Reformar el poder
Por Francisco Ruiz*
El 4 de marzo de 1994, el partido más antiguo del México posrevolucionario, cumplía 65 años. Había sido fundado por el expresidente Plutarco Elías Calles en 1929; sí, el mismo año de la Gran Depresión. Sin embargo, sería la voz del entonces candidato presidencial, Luis Donaldo Colosio Murrieta (1950-1994), quien, como orador único, dos días después emitió un mensaje de esperanza en el Monumento a la Revolución.
Donaldo mencionó algo que sigue siendo una deuda pendiente: “expreso mi compromiso de reformar el poder para democratizarlo y para acabar con cualquier vestigio de autoritarismo.
Sabemos que el origen de muchos de nuestros males se encuentra en una excesiva concentración del poder. Concentración del poder que da lugar a decisiones equivocadas; al monopolio de iniciativas; a los abusos, a los excesos. Reformar el poder significa un presidencialismo sujeto estrictamente a los límites constitucionales de su origen republicano y democrático…significa fortalecer y respetar las atribuciones del Congreso Federal.
…(Es) hacer del sistema de impartición de justicia, una instancia independiente de la máxima respetabilidad y certidumbre…llevar el gobierno a las comunidades, a través de un nuevo federalismo. Significa también nuevos métodos de administración para que cada ciudadano obtenga respuestas eficientes y oportunas cuando requiere servicios, cuando plantea sus problemas…”.
Han transcurrido casi 30 años y esa herida sigue abierta, más allá del magnicidio, de las promesas incumplidas. Restan escasos diez meses del quinto sexenio después de eso, cuatro si Colosio hubiera gobernado. Sin embargo, más allá de los actores, los colores y los tiempos, lo realmente importante es la reforma del poder que sigue pendiente.
Zedillo, Fox, Calderón, Peña y López, todos promovieron reformas constitucionales y a leyes secundarias, pero ninguno dio el salto que tanta falta hace: reformar el poder para tener un gobierno profesional, ecuánime y humano.
El gobierno es para todos, sin embargo, no todos son para gobernar. La prueba de ello es que algunos, los menos, tienen ánimo, espíritu y voluntad de servir; mientras, otros buscan servir a sus intereses o de sus próximos. La historia sin fin. El cuento de nunca acabar. La misma historia, el mismo cuento, la misma nube de mentiras. Dirían por ahí.
México ha recorrido más de dos siglos de libertad y aún no atinamos cómo utilizarla de manera más provechosa y adecuada. ¿Qué nos queda?
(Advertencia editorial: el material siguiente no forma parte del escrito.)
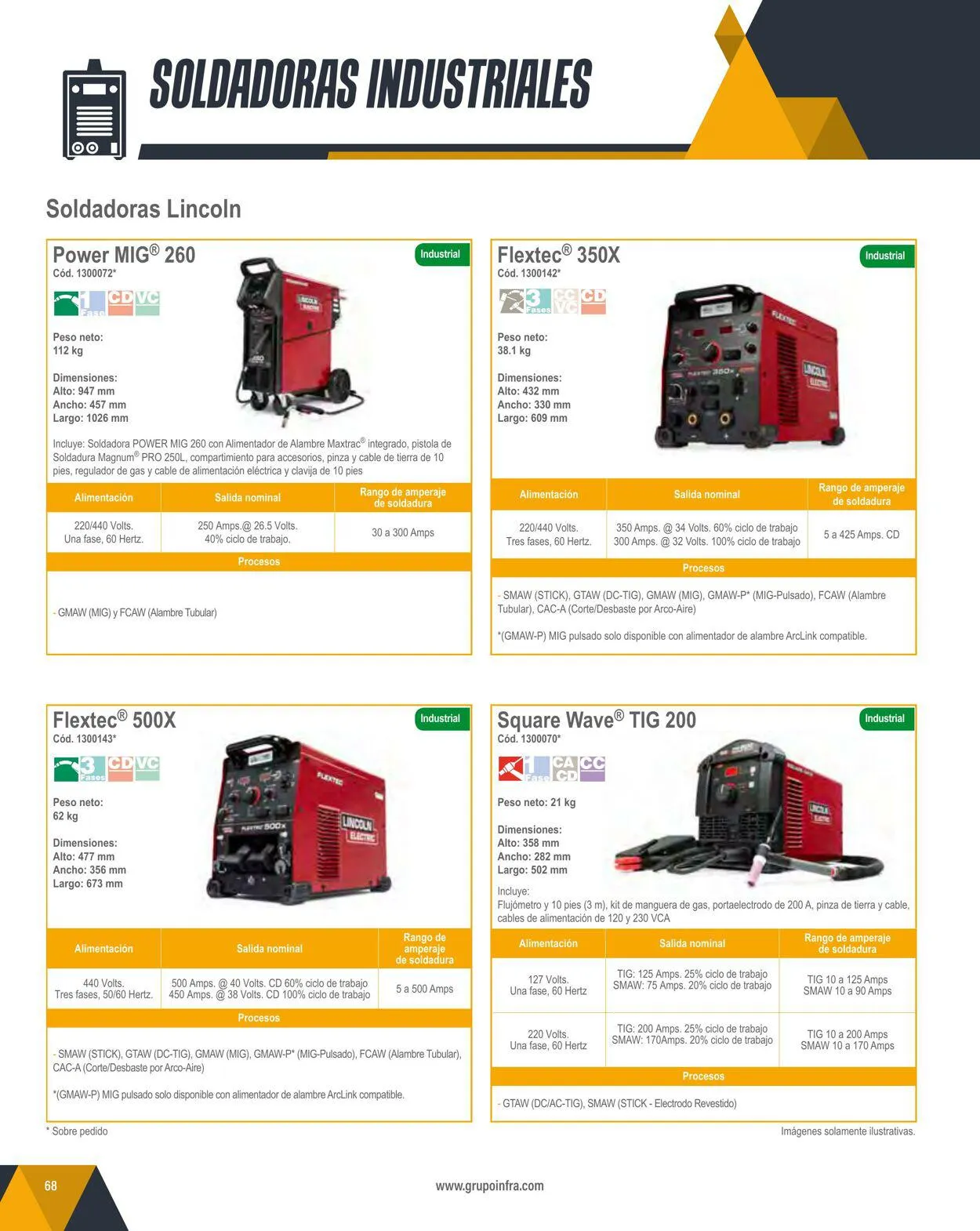 Catálogo de Infra 1 de febrero al 31 de diciembre 2024 - Pagina 70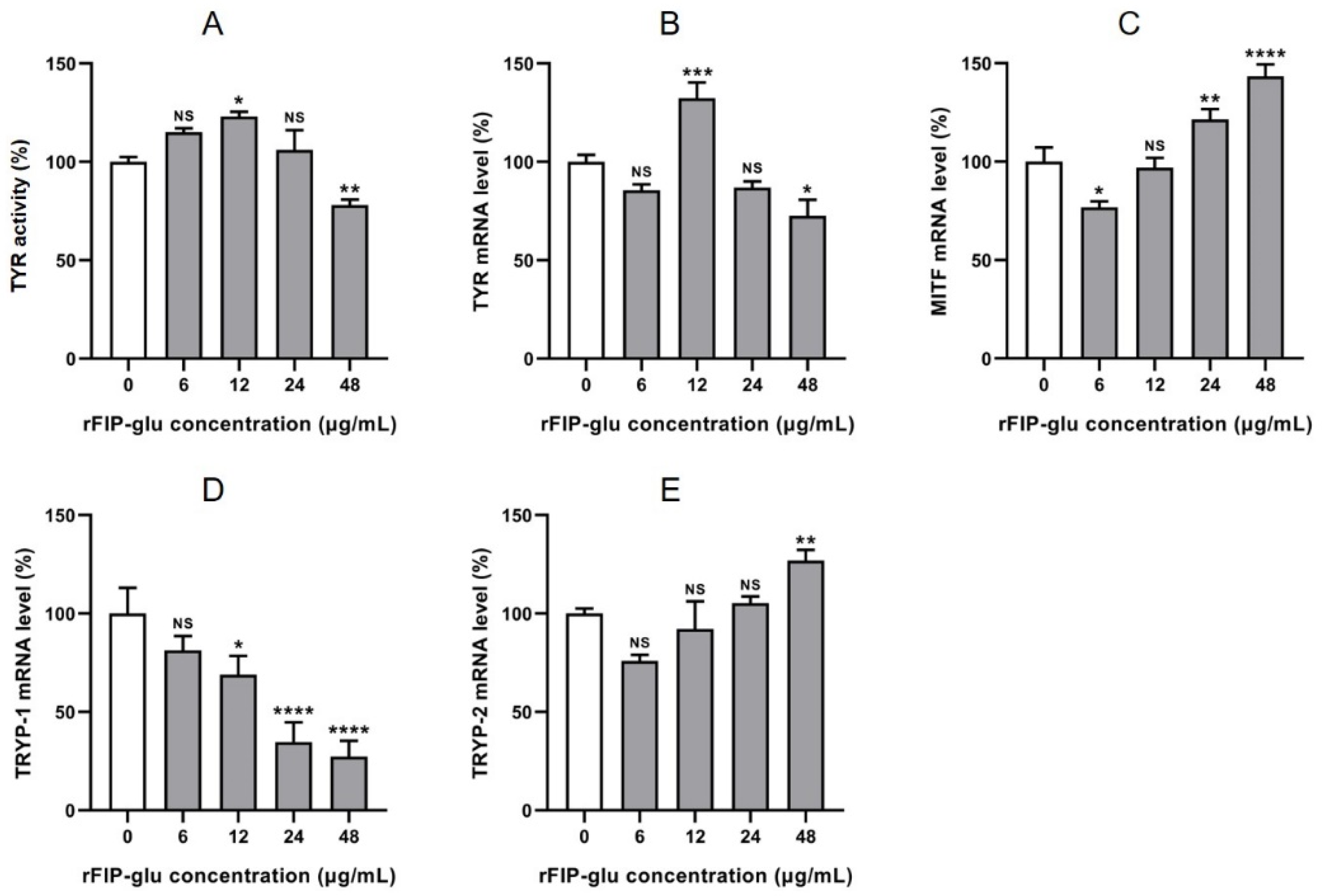 Molecules 28 03272 g006 Molecules 28 03272 g006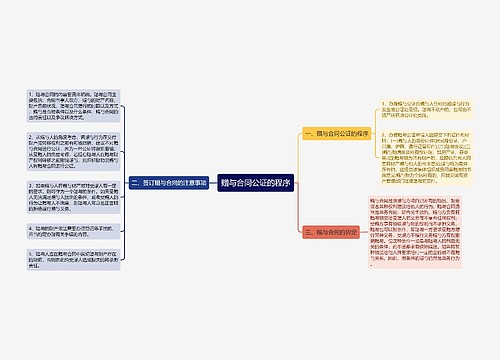 赠与合同公证的程序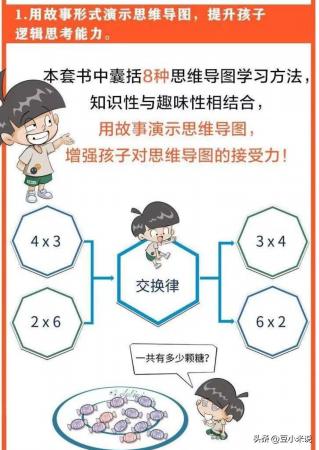 成为学霸的秘诀(如何让自己的成绩提高)插图6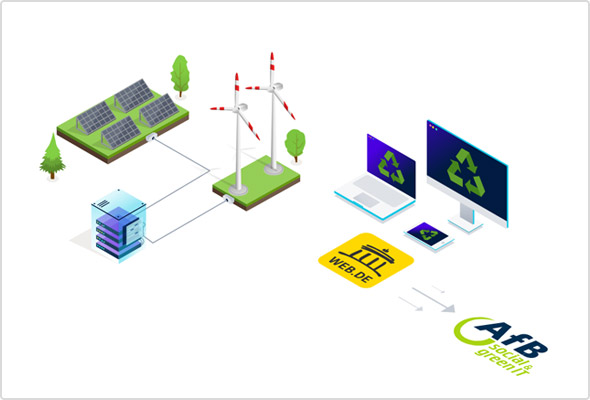 Bei WEB.DE hat Nachhaltigkeit Priorität: Wir nutzen Ökostrom und lassen unsere Altgeräte fachgerecht recyceln.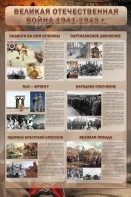 Стенд "Великая Отечественная война" (события) - fgospostavki.ru - Златоуст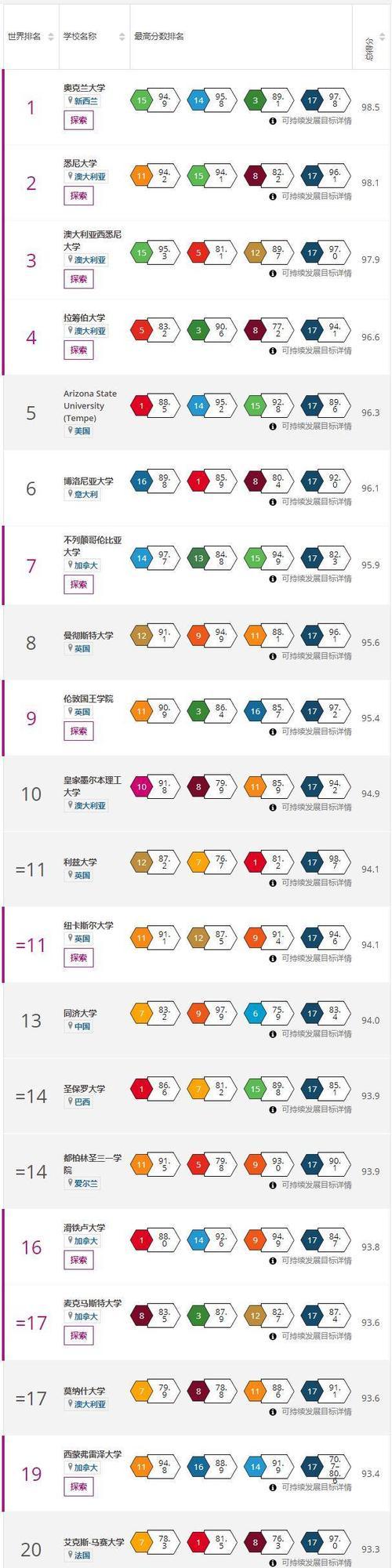 提升网站排名的4个必要条件（为什么这些条件对网站排名如此重要？）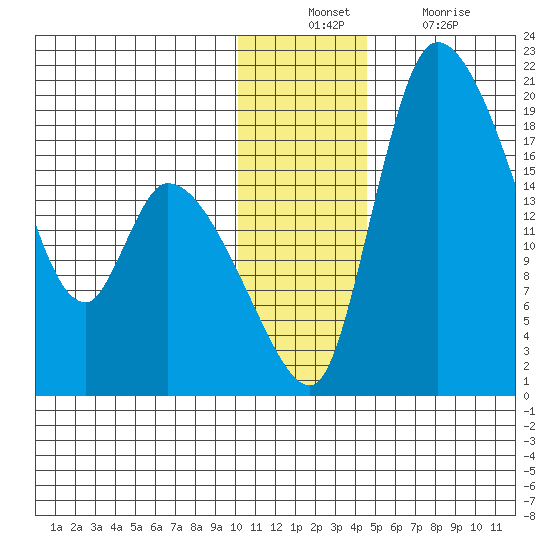 Naknek tide chart for Sunday, December 11, 2022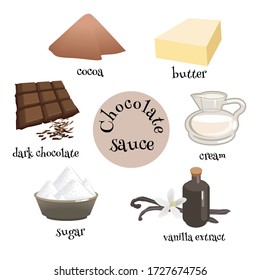 Set of chocolate sauce ingredients. Dark chocolate, cocoa, cream, sugar, butter and vanilla extract for preparation of traditional sweet sauce. Cartoon illustration.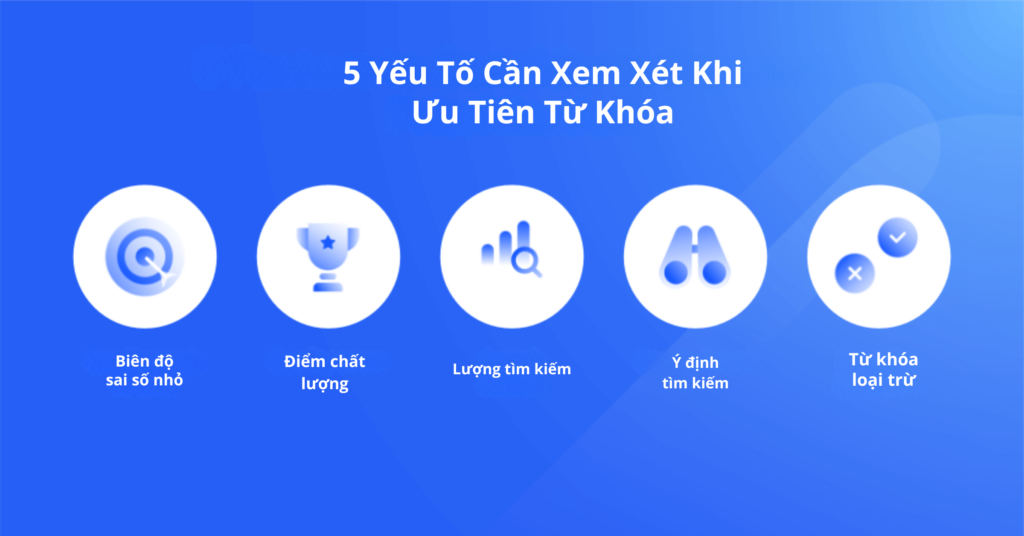 cac-yeu-to-uu-tien-tu-khoa-ppc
Ir para adelante. Impulsar la transformación, no como lema partidista, sino como hechos que puedan palparse, acciones que se traduzcan en una realidad perceptible y no solo publicitada.
“¡Estamos hartos de lo mismo!”, lo he escuchado desde que tengo memoria, que, curiosamente, serán 30 años. Hemos pasado generaciones: la silenciosa, Baby boomers, generación X, millennials, centennials, y ahora empuja la generación alfa. ¿Cuántas generaciones más esperaremos para tomar cartas en el asunto? ¿Qué más debemos aguardar para asumir la responsabilidad que tenemos cada ciudadano? El poder no se fracciona, se aglutina a partir de la suma de voluntades. Tomemos en cuenta que el poder reside en nuestra propia consciencia y es la integración de nuestros poderes lo que le permite al gobierno, electo por nosotros, la toma de decisiones que directa e indirectamente nos afectan.
Por eso, debemos observar al futuro como algo inmediato y no en la lontananza. Es la hora de que los liderazgos contemporáneos asumamos firmemente las riendas y encabecemos los anhelos de la sociedad. Después de todo, si no nos ofrecen la oportunidad, habrá que arrancársela. Porque, aunque querer es poder, no bastan las buenas intenciones. Algunos queremos, podemos y lo vamos a hacer.
Post scriptum: “Ni tú ni México me pueden pedir nada que esté en contra de mi honor», Diego Fernández de Cevallos.
* El autor es escritor, catedrático, doctor en Derecho Electoral y asociado del Instituto Nacional de Administración Pública (INAP).